The monument was severely damaged when a tree fell on it during a storm in May 2000, shattering the figure into dozens of fragments. More than 95% of the scattered pieces were carefully salvaged by the town. In addition to the breaks there were structural cracks around areas of impact and deformation. Other superficial cracks may have resulted from older stresses introduced during fabrication. Significant losses were sustained as well. All exposed surfaces appeared a light bluish-gray, the typical color of weathered zinc that is due to the formation of zinc oxide and other corrosion products.

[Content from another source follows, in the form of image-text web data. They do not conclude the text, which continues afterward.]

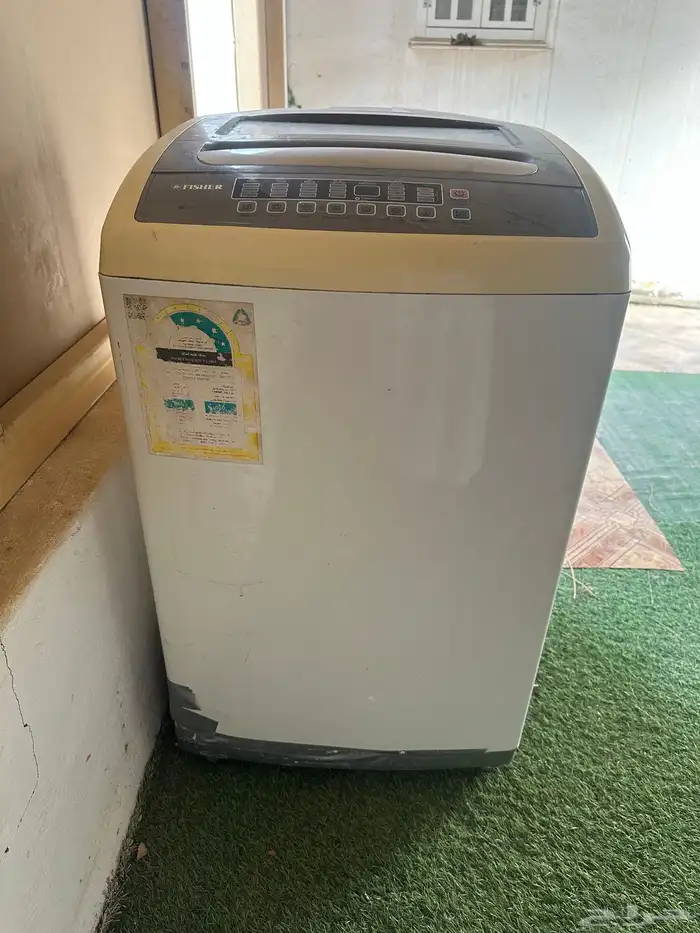 غسالة اوتماتيك 0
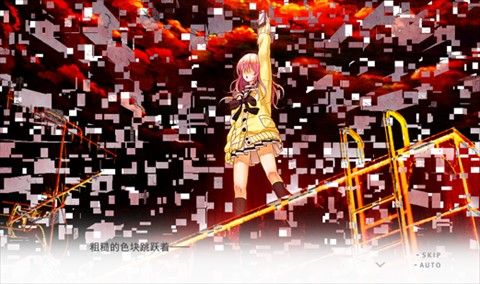 君与彼女与彼女之恋安卓版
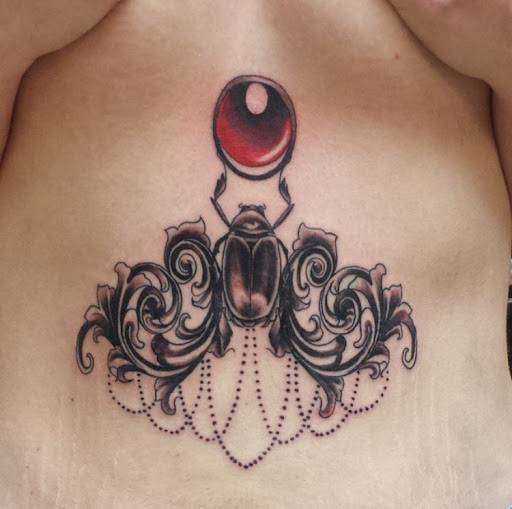 Explore elton john tattoo ideas, creative tattoo ideas in San Diego, available at Sideshow Tattoo and Piercing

All salvaged pieces were crated and shipped to our conservation studio where, their orientation carefully documented. Most of the fragments were deformed and required some reshaping. Elements that were lost or extremely deformed were recast. All fragments were re-attached with a zinc/tin solder. Some pieces required stainless steel threaded rods for additional support. In addition, an internal stainless steel structure was erected inside the statue to support the structure, which had been undermined by the damage.
The surface of the figure was sanded and then washed with an anionic detergent. Repaired areas were repatinated to blend with the historic appearance. The limestone base was cleaned of old mortar and inspected to reveal cracked joints. Joints were raked out and capped and those visible on the stones after installation of the monument were re-pointed.